**TASK**
Starting from the line with "WEACZZY Women's Sleep" and going up to and including the line with "浜松町スクエアSTUDIO(2LDK/20階)の間取り写真", copy the listing below exactly. Leave all images out.

**DATA SECTION**
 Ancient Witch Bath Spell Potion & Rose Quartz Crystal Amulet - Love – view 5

---

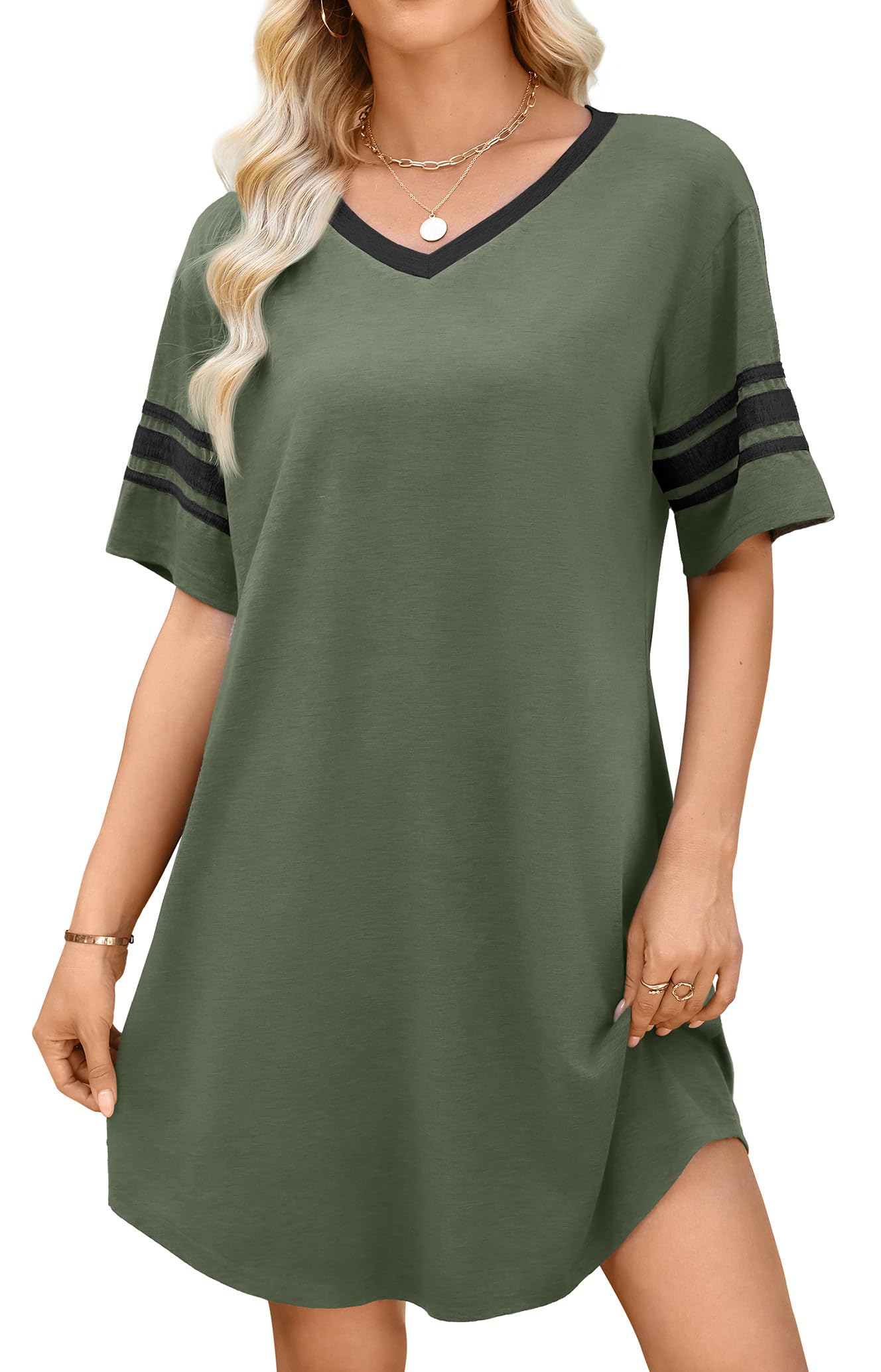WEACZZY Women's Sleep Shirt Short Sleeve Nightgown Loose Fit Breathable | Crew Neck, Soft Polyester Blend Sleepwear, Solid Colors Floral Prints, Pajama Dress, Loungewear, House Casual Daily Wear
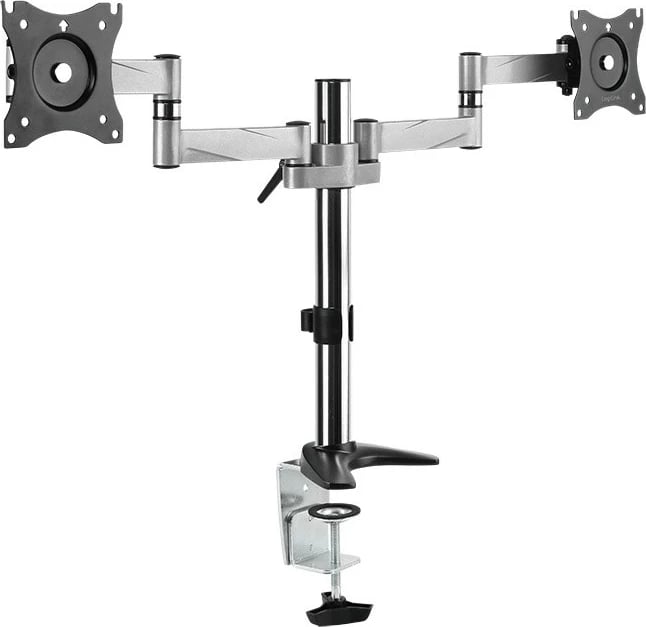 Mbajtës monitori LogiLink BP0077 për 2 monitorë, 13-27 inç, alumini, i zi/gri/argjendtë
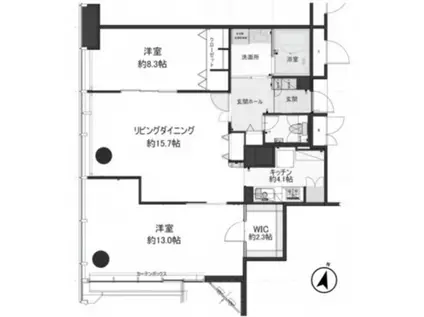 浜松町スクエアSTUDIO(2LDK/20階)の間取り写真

**REPLY**
WEACZZY Women's Sleep Shirt Short Sleeve Nightgown Loose Fit Breathable | Crew Neck, Soft Polyester Blend Sleepwear, Solid Colors Floral Prints, Pajama Dress, Loungewear, House Casual Daily Wear
 Mbajtës monitori LogiLink BP0077 për 2 monitorë, 13-27 inç, alumini, i zi/gri/argjendtë
 浜松町スクエアSTUDIO(2LDK/20階)の間取り写真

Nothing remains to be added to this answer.